Four years ago, Paramore released Brand New Eyes. Any fan of the band knew that the five piece from Franklin, Tennessee had suffered a near break up in the years leading up the album. We thought maybe that everything had been put right and that the band was past their creative combat.
Two years ago, we found out that was not so, and that founding members Josh and Zac Farro had left the band. It was an especially bitter break-up on the Farro's end, calling the band a manufactured label product, and also citing religious problems within the band.
However, remaining members Taylor York (guitar), Jeremy Davis (bass), and Hayley Williams decided to keep on trucking, but decided to keep it as low key as you can when you're a legend in the rock community. They released a song for one of the Transformers films, toured South America a couple times, and recorded in the downtime. And then, almost out of the blue, the single "Now" was released with the album on the way.
I wasn't particularly impressed by "Now", but it's usually the case with Paramore that I don't like their singles as much as I like their album material.
That proves to be true with this album. Not only does "Now" work better in context with the album, but the songs form a future we could never have imagined of this band.
The sound is definitely different than what we're used to with quite a few throwbacks to Riot!. There's a lot of poppy sounding licks, but the lyrics are brutally honest, occasionally somber, and also what we're not quite used to.
The lyrical tone is in turns bitter, fun, and matured from past releases.

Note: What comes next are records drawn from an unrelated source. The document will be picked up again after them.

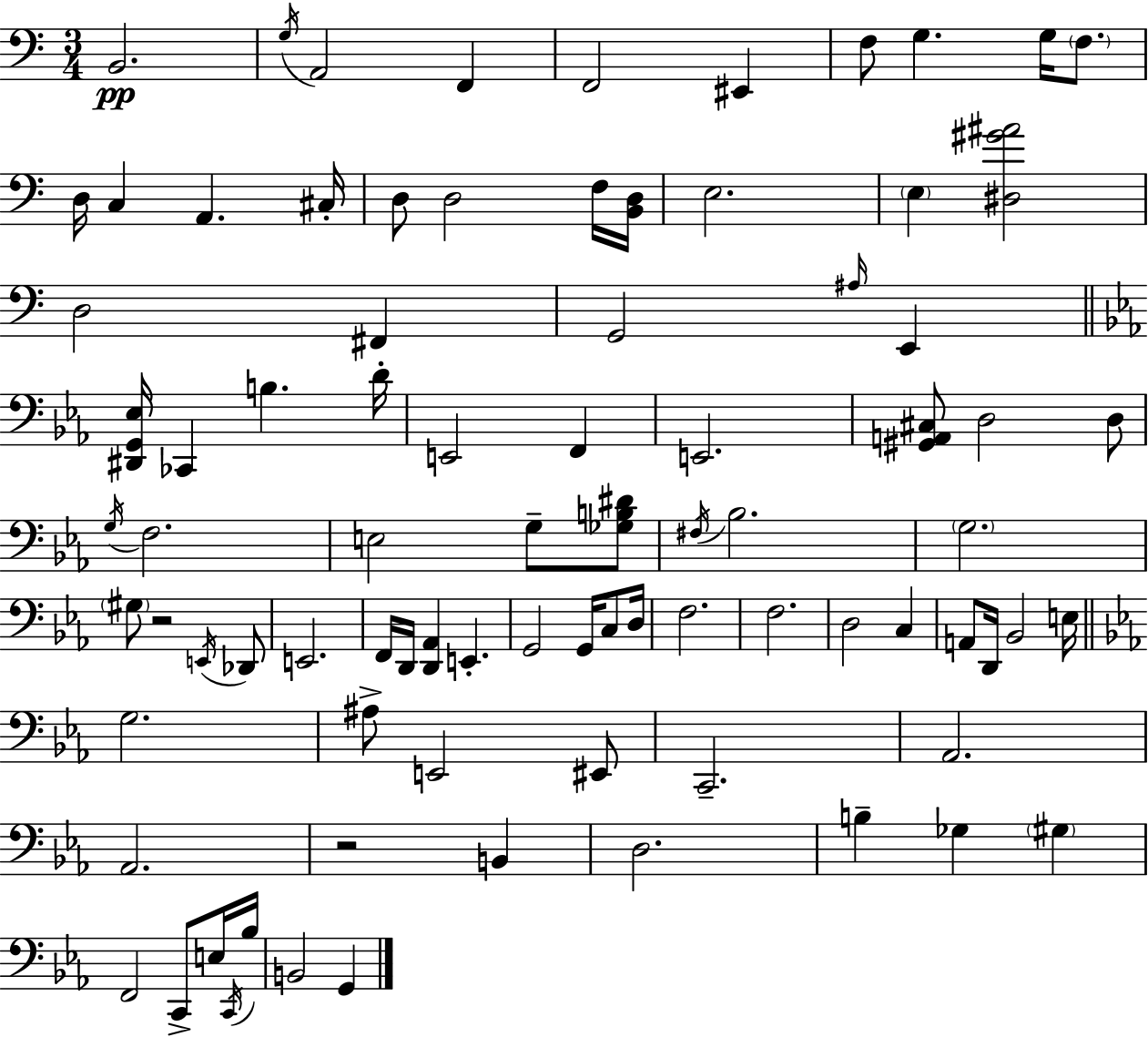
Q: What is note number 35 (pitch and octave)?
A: E3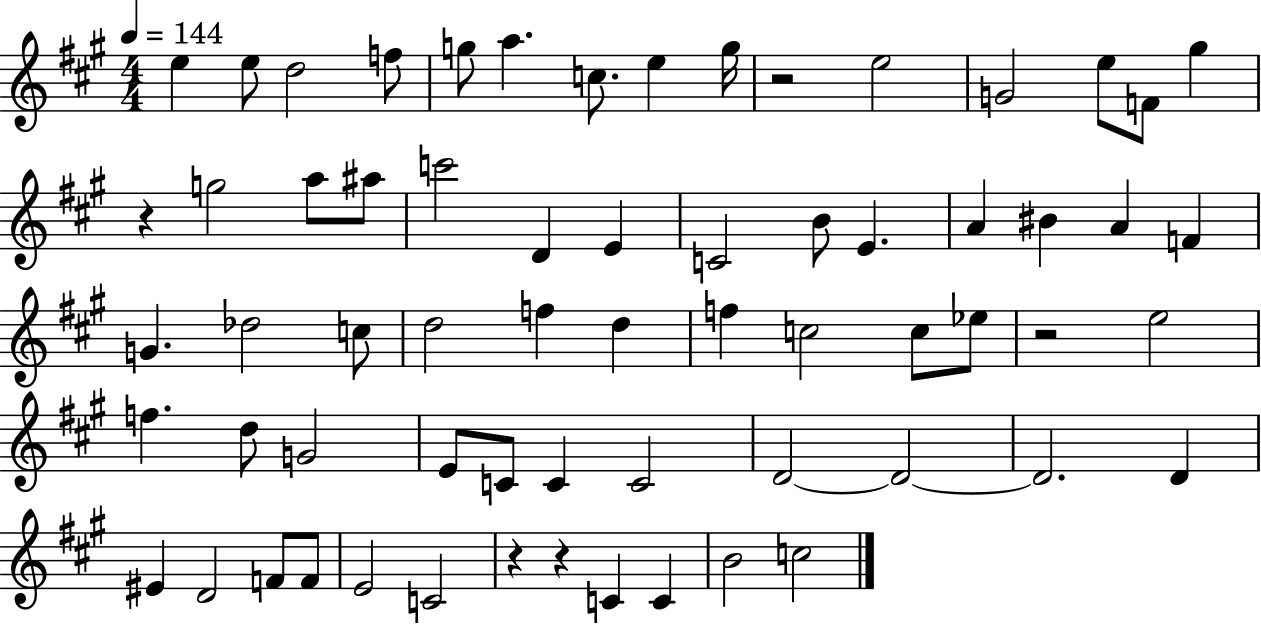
E5/q E5/e D5/h F5/e G5/e A5/q. C5/e. E5/q G5/s R/h E5/h G4/h E5/e F4/e G#5/q R/q G5/h A5/e A#5/e C6/h D4/q E4/q C4/h B4/e E4/q. A4/q BIS4/q A4/q F4/q G4/q. Db5/h C5/e D5/h F5/q D5/q F5/q C5/h C5/e Eb5/e R/h E5/h F5/q. D5/e G4/h E4/e C4/e C4/q C4/h D4/h D4/h D4/h. D4/q EIS4/q D4/h F4/e F4/e E4/h C4/h R/q R/q C4/q C4/q B4/h C5/h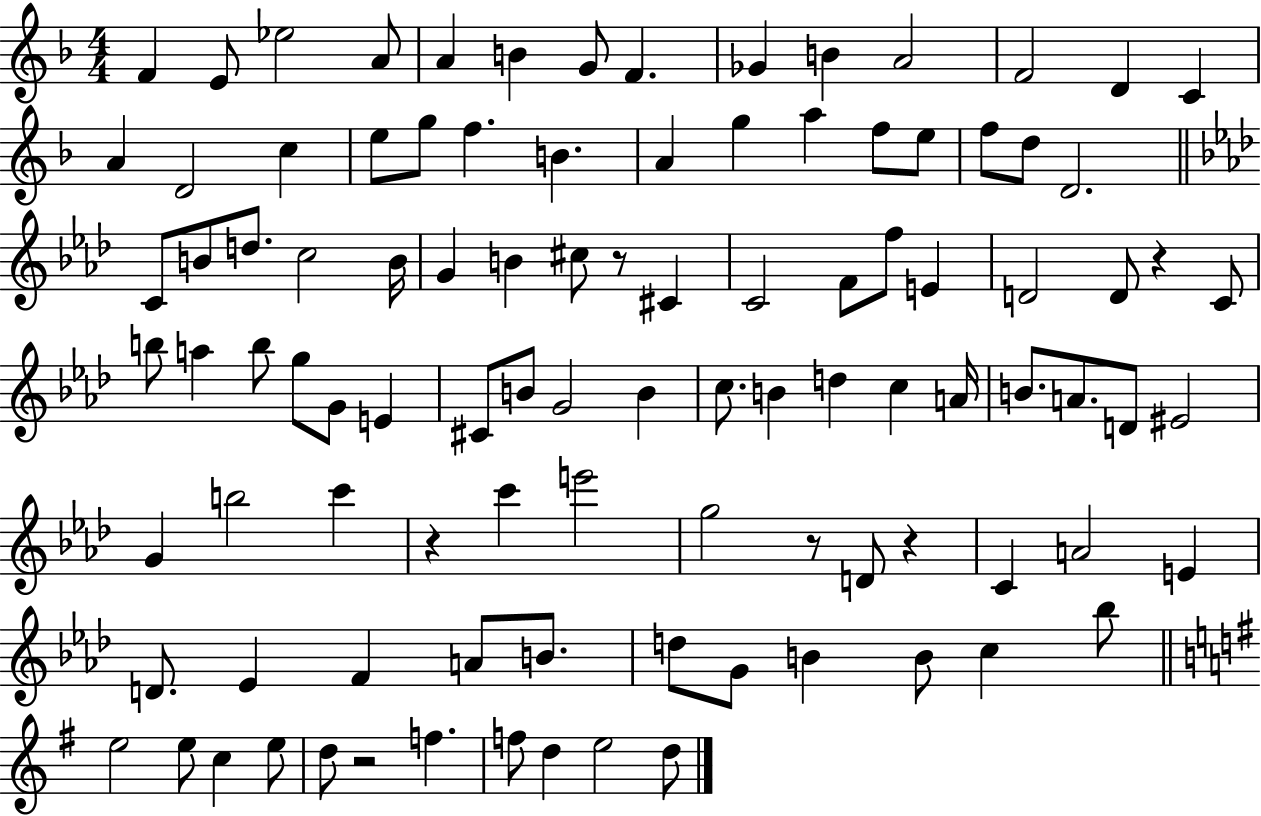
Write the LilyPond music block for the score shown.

{
  \clef treble
  \numericTimeSignature
  \time 4/4
  \key f \major
  f'4 e'8 ees''2 a'8 | a'4 b'4 g'8 f'4. | ges'4 b'4 a'2 | f'2 d'4 c'4 | \break a'4 d'2 c''4 | e''8 g''8 f''4. b'4. | a'4 g''4 a''4 f''8 e''8 | f''8 d''8 d'2. | \break \bar "||" \break \key aes \major c'8 b'8 d''8. c''2 b'16 | g'4 b'4 cis''8 r8 cis'4 | c'2 f'8 f''8 e'4 | d'2 d'8 r4 c'8 | \break b''8 a''4 b''8 g''8 g'8 e'4 | cis'8 b'8 g'2 b'4 | c''8. b'4 d''4 c''4 a'16 | b'8. a'8. d'8 eis'2 | \break g'4 b''2 c'''4 | r4 c'''4 e'''2 | g''2 r8 d'8 r4 | c'4 a'2 e'4 | \break d'8. ees'4 f'4 a'8 b'8. | d''8 g'8 b'4 b'8 c''4 bes''8 | \bar "||" \break \key e \minor e''2 e''8 c''4 e''8 | d''8 r2 f''4. | f''8 d''4 e''2 d''8 | \bar "|."
}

Hayley sounds less like a teenager now, probably because she's not anymore, and that really shows in the tone of the album. And the band certainly aren't skirting around their near break-up. There are quite a few songs on the record that are almost personal jabs at the brothers Farro. Songs like "Fast In My Car", "Anklebiters", and the aptly titled "Grow Up" along with "Now" are easily the most angry on the album, recalling in part the teenage angst of albums past.
The band's musical prowess has definitely increased in the midst of the breakup. Jeremy exhibits some pretty tasty bass licks throughout and the guitar riffs have a distinctly different taste than Josh's, but still are interestingly musically and to the casual listener. It's different. And the production is smooth, and really puts the new pace and tone into the spotlight.
Then there are some more slowpaced, and even sweetly romantic songs on the album, like "Hate To See Your Heartbreak" which experiments with a gorgeous string section and takes a few cues from the band's biggest mega hit "The Only Exception", and the more upbeat "Still Into You", which is probably the happiest song the band has ever put out.
There are tinges of electronica on this record, and that's definitely going to turn some longtime fans off to the album, but it almost feels like the band is challenging you to grow up with them too. The teenagers who found Paramore in their Riot! and even Brand New Eyes cycles are now older. They're growing up too. It's strange how the audience is mirroring the band.
I won't deny that I miss the old Paramore, but this new album is definitely one of my favorite recent releases. For all you hesitant fans out there, give it a shot, you might find some startlingly good, catchy, and utterly awesome new songs. Two thumbs up.